Gold Price Forecast: Who’s Ready for XAU/USD Buy Signal at $1,798?
The Gold price forecast remains bullish above the 1,798 level on Monday. On Friday, it closed at $1,796.30, after reaching a high of $1,815.50, and a low of $1,83.40. The gold prices rose to their highest level since September 7, owing to a weak US dollar and falling US Treasury Yields. It appears that the weaker US dollar, along with rising inflationary pressures, is supporting the safe-haven appeal of gold, pushing its price to its highest level in five weeks. Gold managed to secure another bullish week, as the dollar continued to decline, amid expectations of high inflation.
Weaker Dollar Underpins Gold
The US Dollar Index, which measures the value of the greenback against a basket of six major currencies, dropped to 93.54 on Friday, weighing on the US dollar. The US Treasury Yields snapped a six-day bullish streak and fell all the way down to 1.63% on Friday, putting further downside pressure on the greenback and ultimately supporting the rising prices of the safe-haven metal.
A Quick Economic Outlook
On the data front, at 18:45 GMT, the Flash Manufacturing PMI for October came in, showing a drop to 59.2, compared to the expected 60.5. This weighed on the US dollar and added further to the gains in the precious metal. The Flash Services PMI surged to 58.2, against the forecast of 55.3, supporting the US dollar and capping any additional gains in gold. At 22:58 GMT, the Federal Budget; Balance for September was released. It remained flat, in line with the expectations of -61.5B.
Mary Daly, the president of the San Francisco Federal Reserve Bank, said on Friday, that there was nothing that monetary policy could do to mitigate climate change or offset climate risks, and that the central bank does not need to incorporate those risks into its economic forecasts and longer-term outlook.
Fed Chair Jerome Powell also stated; on Friday, that the US central bank should begin withdrawing its economic support by reducing asset purchases; but that interest rates should remain unchanged for now.
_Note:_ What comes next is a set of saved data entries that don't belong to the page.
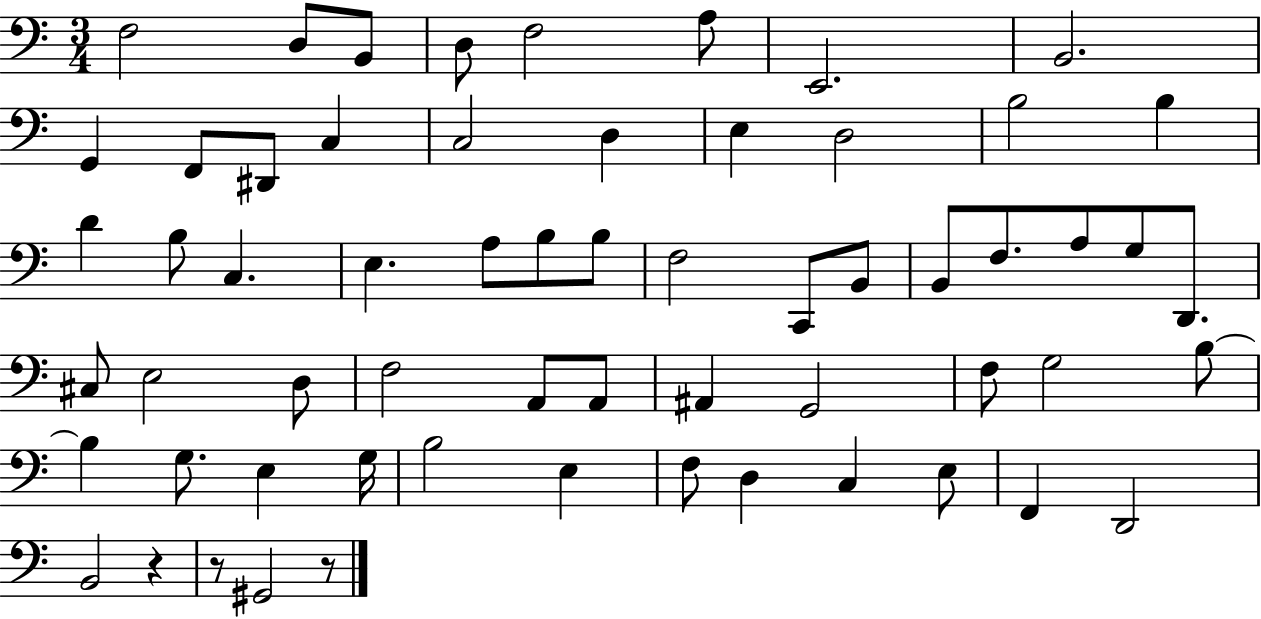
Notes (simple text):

F3/h D3/e B2/e D3/e F3/h A3/e E2/h. B2/h. G2/q F2/e D#2/e C3/q C3/h D3/q E3/q D3/h B3/h B3/q D4/q B3/e C3/q. E3/q. A3/e B3/e B3/e F3/h C2/e B2/e B2/e F3/e. A3/e G3/e D2/e. C#3/e E3/h D3/e F3/h A2/e A2/e A#2/q G2/h F3/e G3/h B3/e B3/q G3/e. E3/q G3/s B3/h E3/q F3/e D3/q C3/q E3/e F2/q D2/h B2/h R/q R/e G#2/h R/e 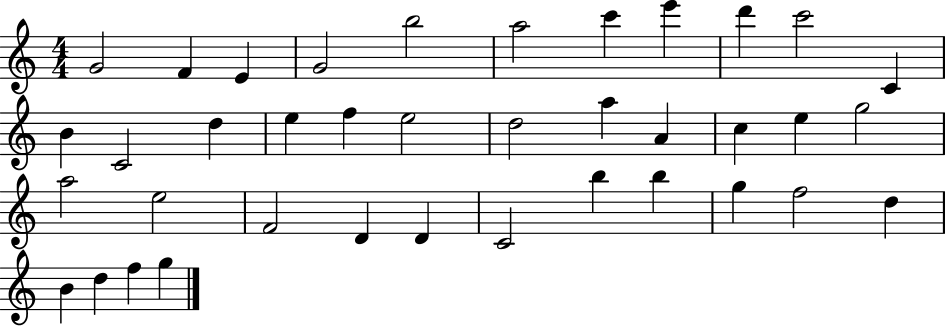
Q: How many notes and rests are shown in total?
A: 38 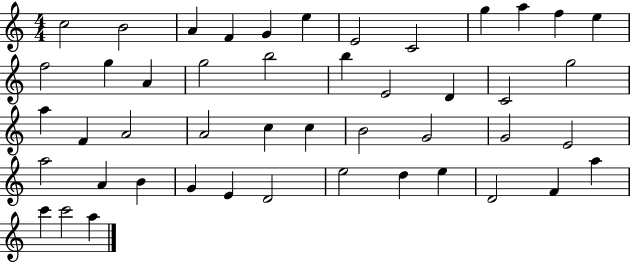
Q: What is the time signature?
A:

He said that the country was still 5 million jobs short of the level seen before the pandemic. He added that the high inflation rate was likely to decrease next year; when the pressures caused by the pandemic begin to fade.
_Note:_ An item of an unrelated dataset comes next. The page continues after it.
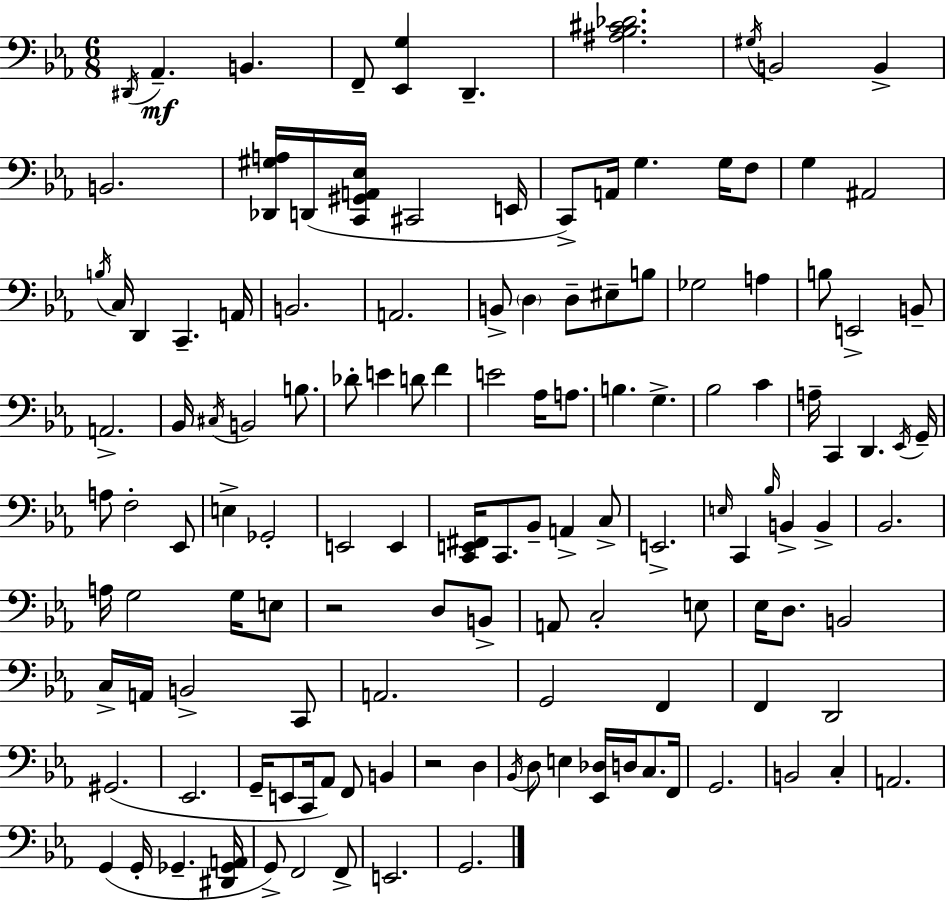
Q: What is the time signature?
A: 6/8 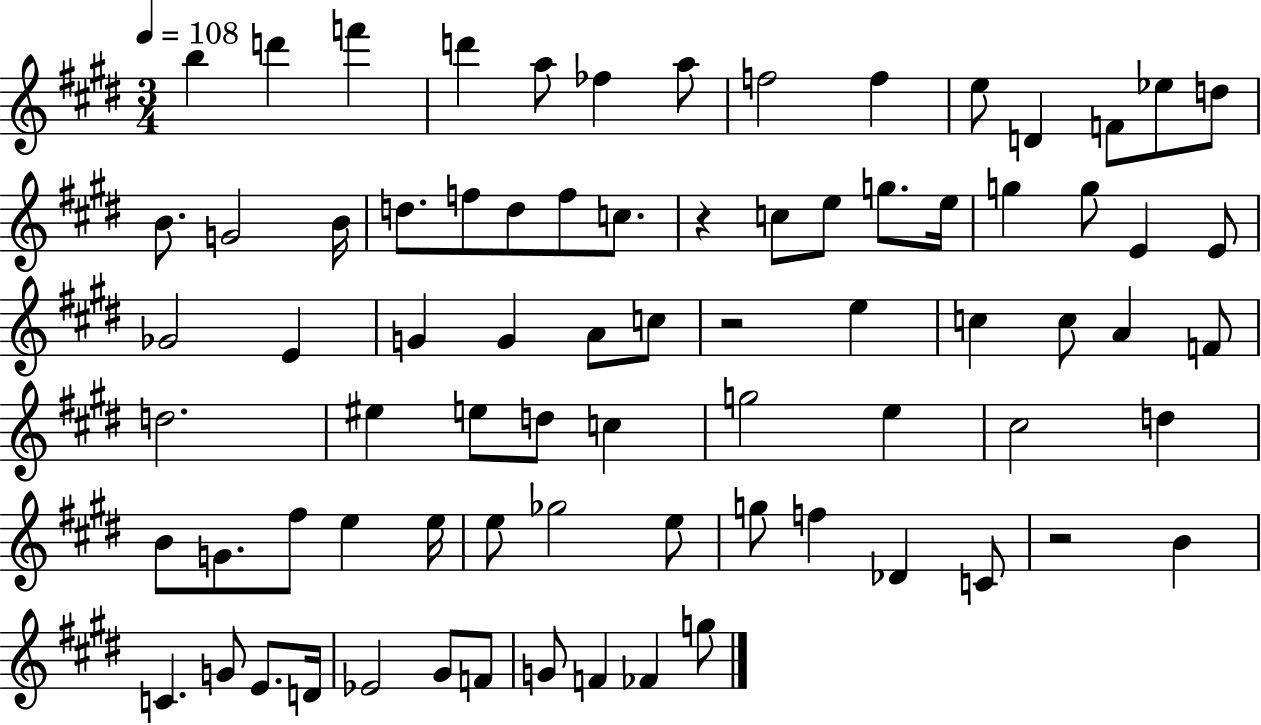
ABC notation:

He was hopeful that the Fed’s employment goal would reach its target next year; and that the supply constraints would eventually ease; which would allow job growth to speed up again. These remarks by the Fed chairman bolstered bullion prices, propelling them to a 5-week high on Friday.
Gold Price Forecast – Upward Channel in Play
Gold is still trading bullishly, with the current price at $1,798 per ounce. Gold is currently trading with a positive bias, just above the pivot point support mark of 1,796. The metal ended with a bullish engulfing candle over the pivot point mark, suggesting that the bullish trend is likely to continue.
Furthermore, on the technical side, gold is supported by a bullish bias; as the RSI on the 4-hour timeframe remains above 50. Immediate support for gold is at 1,796; below this, the next levels of support are at 1,782 and 1,778.
On the optimistic side; the next resistance level for the precious metal remains at 1,809, and a breach of this level would expose gold to 1,827. There is a bullish bias over 1,796 and vice versa. Good luck!